The map tile server (map image caching engine, described in Map Tile Server) automatically fetches and caches map image tiles rendered by the Oracle Spatial and Graph map visualizer or other web-enabled map providers. It also serves cached map image tiles to the clients, which are web applications developed using the Oracle Maps client API. The clients can then automatically stitch multiple map image tiles into a seamless large map. Because the map image tiles are normally pregenerated and cached, the application users will experience fast map viewing performance.

The JavaScript mapping client is a browser side map display engine that fetches map content from the servers, and presents it to client applications. It:

• Fetches map images tiles from a map visualizer server, from a third party map service provider, or from its local disk-storage

• Retrieves spatial data from a map visualizer server, from a third party spatial data provider, or from its local disk-storage and then renders the spatial data into map images by itself on the client side

• Provides customizable map-related user interaction controls, such as map dragging and clicking, for the application

• Provides other built-in features and utilities to customize the map contents and map layout design

The JavaScript mapping client can be easily integrated with any web application or portal.

2.10.2 Architecture for Oracle Maps Applications

Figure 2-15 shows the architecture of web mapping applications that are developed using Oracle Maps.

Figure 2-15 Architecture for Oracle Maps Applications

Description of "Figure 2-15 Architecture for Oracle Maps Applications"

Referring to Figure 2-15, applications interact with the Oracle Maps architecture as follows:

• The application is developed using JavaScript, and it runs inside the JavaScript engine of the web browser.

• The application invokes the JavaScript map client to fetch the map image tiles from the map tile server, and then it displays the map in the web browser.

• The application invokes the JavaScript map client to fetch the map image in other form of map services (such as WMS and WMTS) from the server and then displays the map image.

• The application invokes the JavaScript map client to fetch spatial data from the map data server and then renders the map image to display.

• The JavaScript map client controls map-related user interaction for the application.

• When the map visualizer server receives a map image request, the request can be one of its several supported types: a map image tile request to its map tile server, a map image request to its map server, a WMS map request to its WMS server, or a WMTS map image tile request to its WMTS server.
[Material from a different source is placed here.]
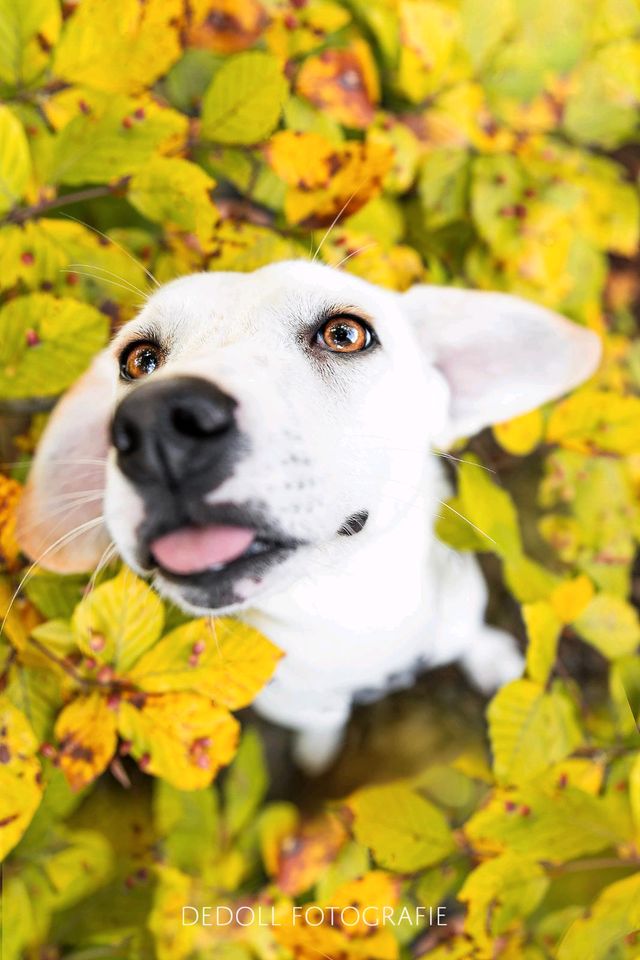 Hundeshooting / Naturliebe / Tierfotografie in Nümbrecht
Each request will be handled by the server accordingly.

  Example 1: When the map tile server receives a map image tile request, it first checks to see if the requested tile is already cached. If the tile is already in the cache, the cached tile is then returned to the client. If the tile is not in the cache, then the map tile server fetches the tile into the cache and returns it to the client. Tiles can be fetched either directly from the map visualizer map rendering engine or from an external web map service provider.

  Example 2: When the server receives a map image request (instead of a map tile request) to its map server, the map server renders the image and returns it to the client. Note that in contrast to the map tile server, the map server generates a map according to a specified data bounds and renders the data onto an image with specified dimension, but it does not cache the map image.

• When the map data server receives a map data request, it retrieves the spatial data and returns the spatial data, not map images, to the client.